> **WORK REQUIRED**:
Begin at the top of the records below and print each line exactly until the line containing "如何判断两个人是否适合复合" has been printed; any pictures are to be left out.

--- EXTRACTED DATA ---

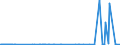 CN 81129291 /Exports /Unit = Prices (Euro/ton) /Partner: Russia /Reporter: Eur27_2020 /81129291:Unwrought Vanadium; Vanadium Powders (Excl. ash and Residues Containing Vanadium)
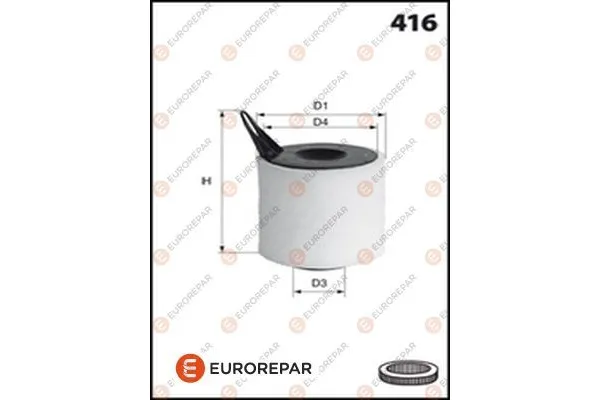 Hava Filtresi  BMW 1 Serisi Sedan 3/5 Kapı (E81/E87)(2004->)  EUROREPAR 1611154680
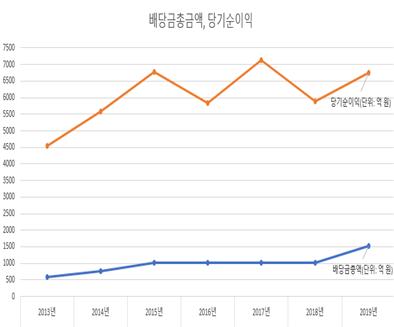 교보생명 당기순이익과 주주배당금 추이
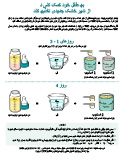 Changing To A New Formula - Powder (Dari) 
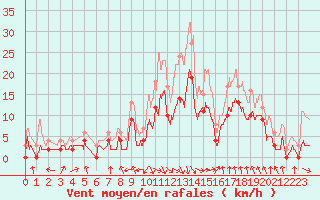 Courbe de la force du vent pour Saint-Girons (09)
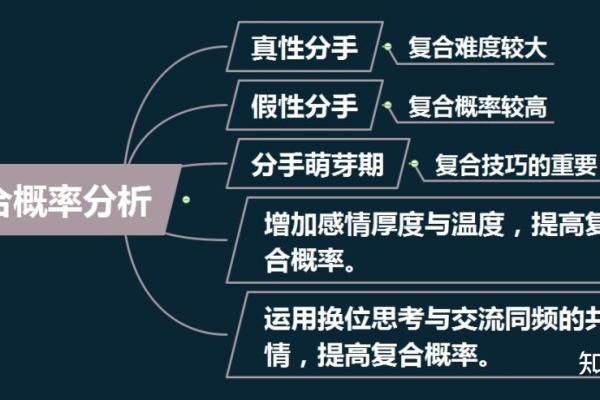 如何判断两个人是否适合复合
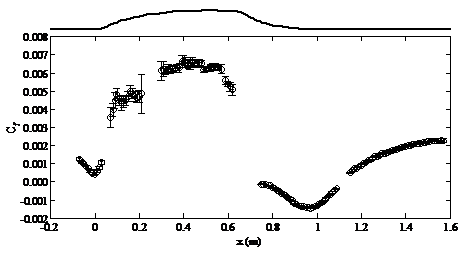 Averaged skin friction coefficients with uncertainties shown as error bars.  A profile of the model is provided above the figure for reference.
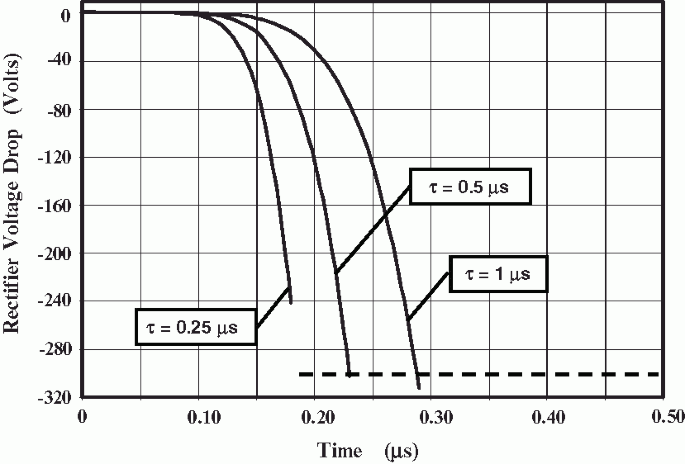 figure 13_6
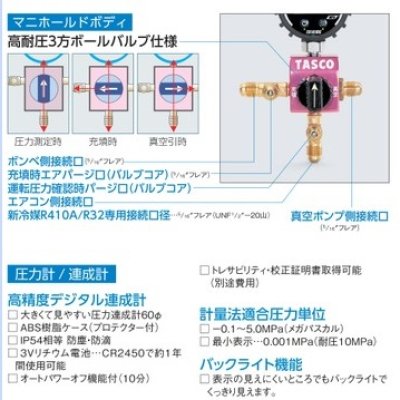 画像3: マニーホールド　P1-1313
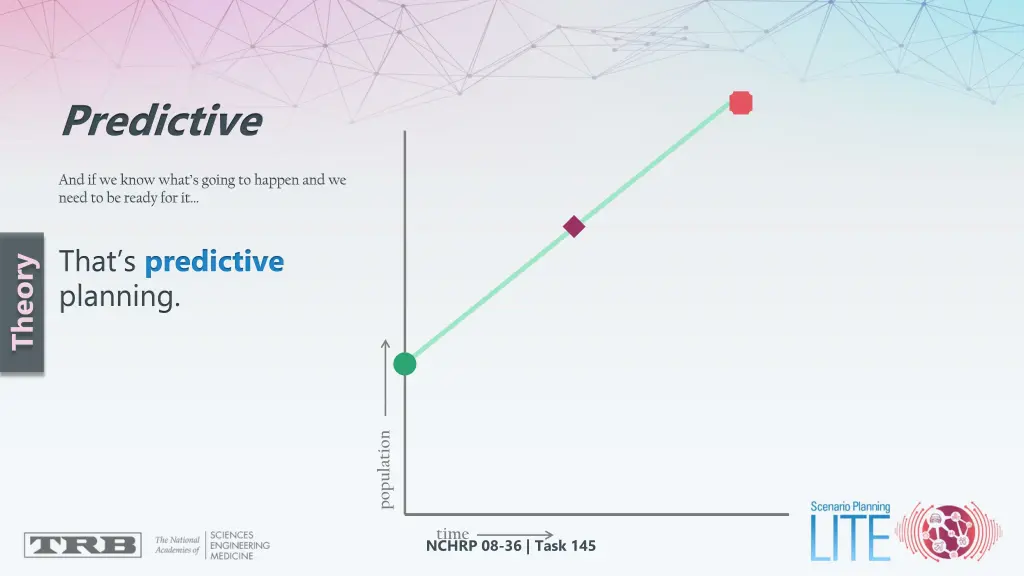 predictive and if we know what s going to happen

---

> **OUTPUT OF THE EXERCISE**:
 CN 81129291 /Exports /Unit = Prices (Euro/ton) /Partner: Russia /Reporter: Eur27_2020 /81129291:Unwrought Vanadium; Vanadium Powders (Excl. ash and Residues Containing Vanadium)
 Hava Filtresi  BMW 1 Serisi Sedan 3/5 Kapı (E81/E87)(2004->)  EUROREPAR 1611154680
 교보생명 당기순이익과 주주배당금 추이
 Changing To A New Formula - Powder (Dari) 
 Courbe de la force du vent pour Saint-Girons (09)
 如何判断两个人是否适合复合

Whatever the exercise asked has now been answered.